À ce sujet, le porte- parole de la Police, le colonel Jules Monkala Tchoumou s’est réjoui de ce que les candidats se sont déplacés sur l’ensemble du territoire national de jour comme de nuit.

Tous les membres de la sous-commission se sont accordés à l'unanimité sur le fait que l’élection du 20 mars doit se dérouler dans la paix. « Les Congolais doivent aller voter dans la paix il ne sert à rien de les apeurer », a déclaré le représentant du candidat Joseph Kignoumbi-Kia-Mboungou.

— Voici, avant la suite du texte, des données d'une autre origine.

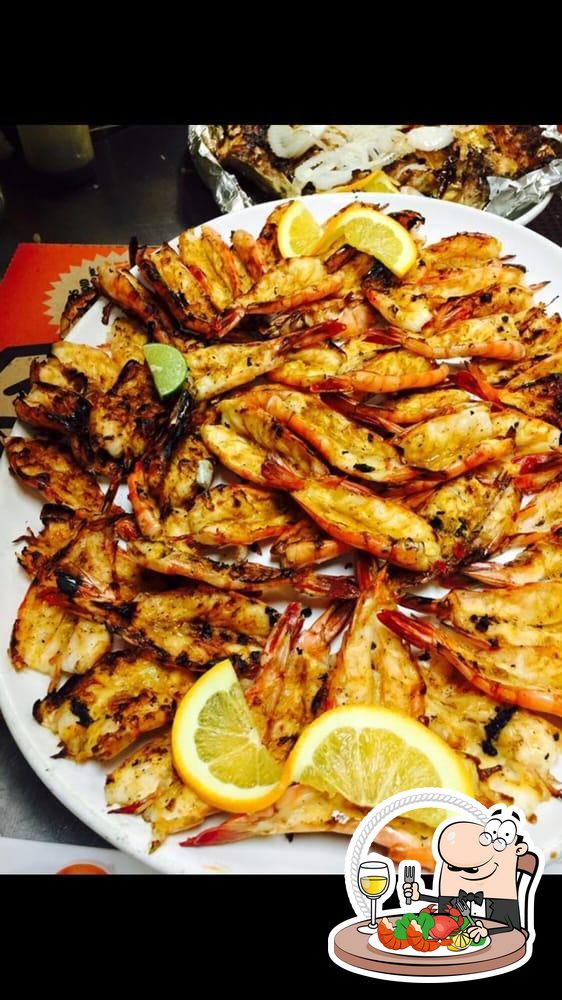 Mariscos los plebes in Fontana - Restaurant menu and reviews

La sous- commission a en outre rassuré les représentants des candidats des dispositions qui ont été prises pour sécuriser ce scrutin. Elle les a en même temps instruits de la nécessité de faire en sorte que les messages ayant trait à la haine soient bannis. « Vous devez mettre la main à la pâte », a déclaré le président de la sous- commission, le général de division Guy Blanchard Okoï.

Il a en outre profité de l’occasion pour faire un large commentaire sur les textes publiés récemment par le ministère de l'Intérieur, notamment celui interdisant la circulation automobile la journée du 20 mars. « La circulation sera conditionnée par la détention d’un laissez-passer. Pour les candidats ils auront un document spécial pour se déplacer », a de son coté souligné le porte-parole de la police.

La commission a aussi fait le tour d’horizon de la situation sécuritaire actuelle caractérisée par certains discours qui gagnent quelques quartiers de Brazzaville, poussant les populations à vider la ville, au point de créer la psychose au niveau des brazzavillois. Mais, tout cela, a rassuré le porte-parole de la police ne doit pas troubler le public. Il a confirmé que toutes les dispositions ont été prises au niveau de la force publique pour que l’élection du 20 mars se déroule dans le calme.

À ce sujet, Jules Monkala Tchoumou est revenu sur les incidents qui se sont produits au quartier Kinsoundi dans le premier arrondissement où quelques éléments ont tenté de s’accaparer des armes dans un commissariat de police. Heureusement, a-t-il ajouté, les policiers en poste ont su repousser les assaillants et la situation est revenue à la normale.

Il a également évoqué le cas d’un groupe de bandits composé de quelques sujets congolais et étrangers en particulier des Tchadiens, Camerounais et Centrafricains qui se préparaient à fabriquer des explosifs pour perturber l’élection. Le porte-parole de la police a demandé à la population de ne pas paniquer face à ces situations.

Au terme de la réunion, le général de division, Guy Blanchard Okoï, a rappelé aux représentants des candidats que la sous-commission défense et sécurité travaille dans le cadre de la loi électorale et tous les candidats devaient en faire autant afin que l’élection présidentielle se déroule dans la paix.